## TASK PROMPT
Your copy should match the listing word for word, apart from the pictures, which are left out.

## SUPPLIED DATA
+-------+
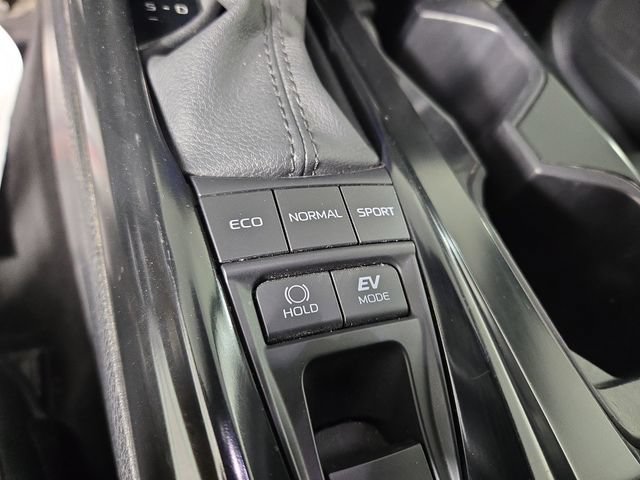Used 2025 Toyota Camry SE FWD image 25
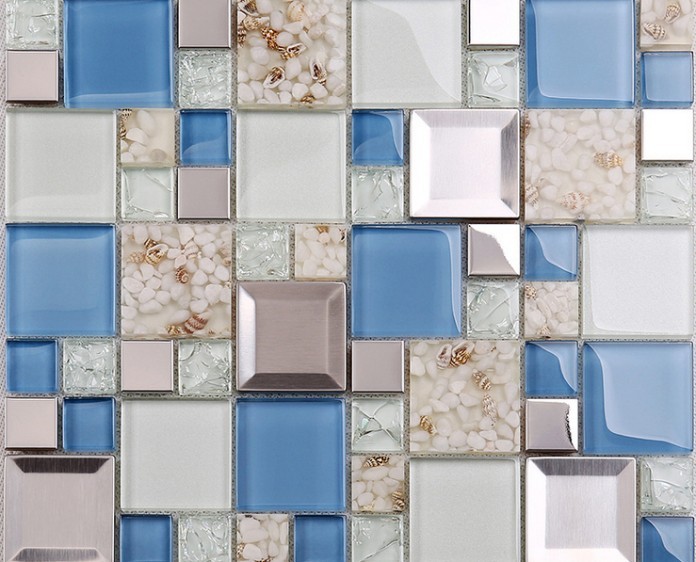 
Mẫu gạch kính mosaic ngày một được lựa chọn nhiều hơn trong các công trình trang trí và ốp lát cổng nhà
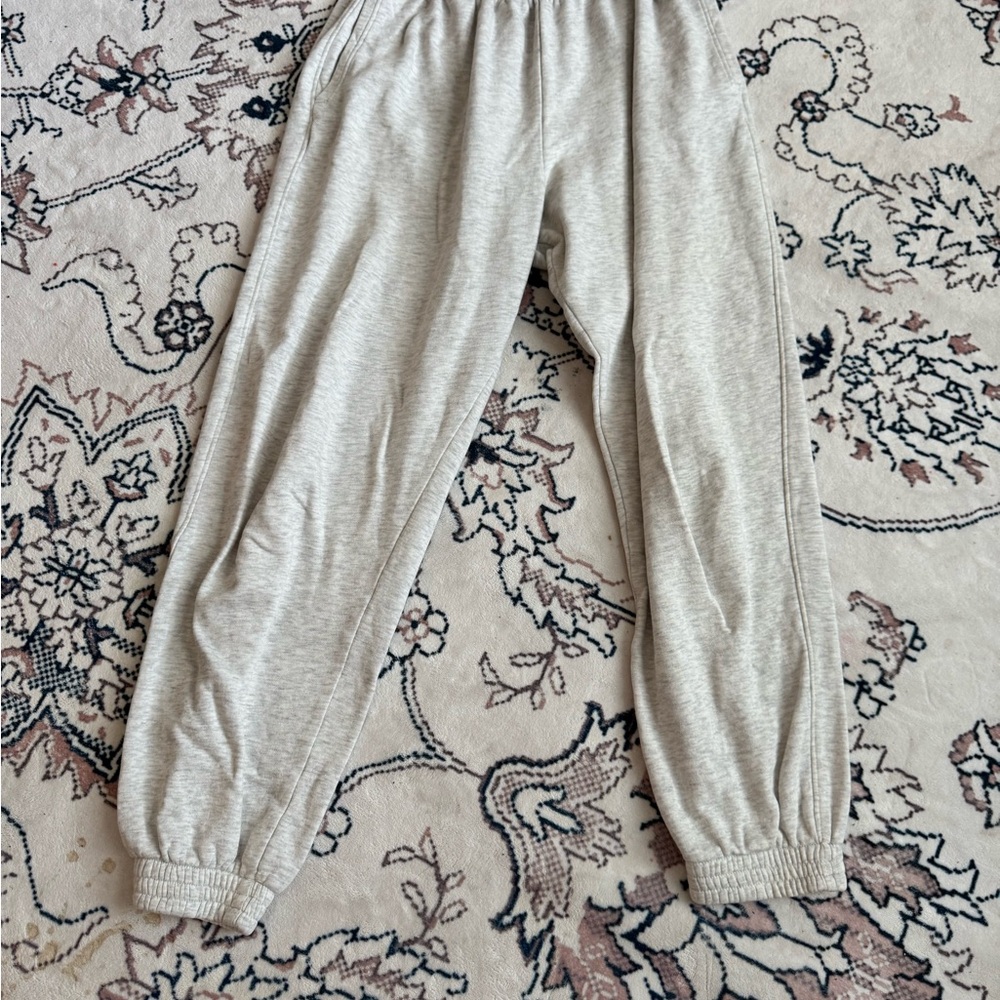 H&M Divided White Sweatpants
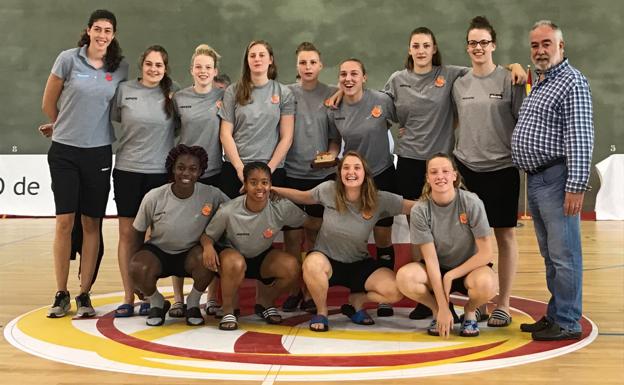 España debuta con triunfo frente a Bélgica en Arroyo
+-------+
## OUTPUT
Used 2025 Toyota Camry SE FWD image 25
Mẫu gạch kính mosaic ngày một được lựa chọn nhiều hơn trong các công trình trang trí và ốp lát cổng nhà
 H&M Divided White Sweatpants
 España debuta con triunfo frente a Bélgica en Arroyo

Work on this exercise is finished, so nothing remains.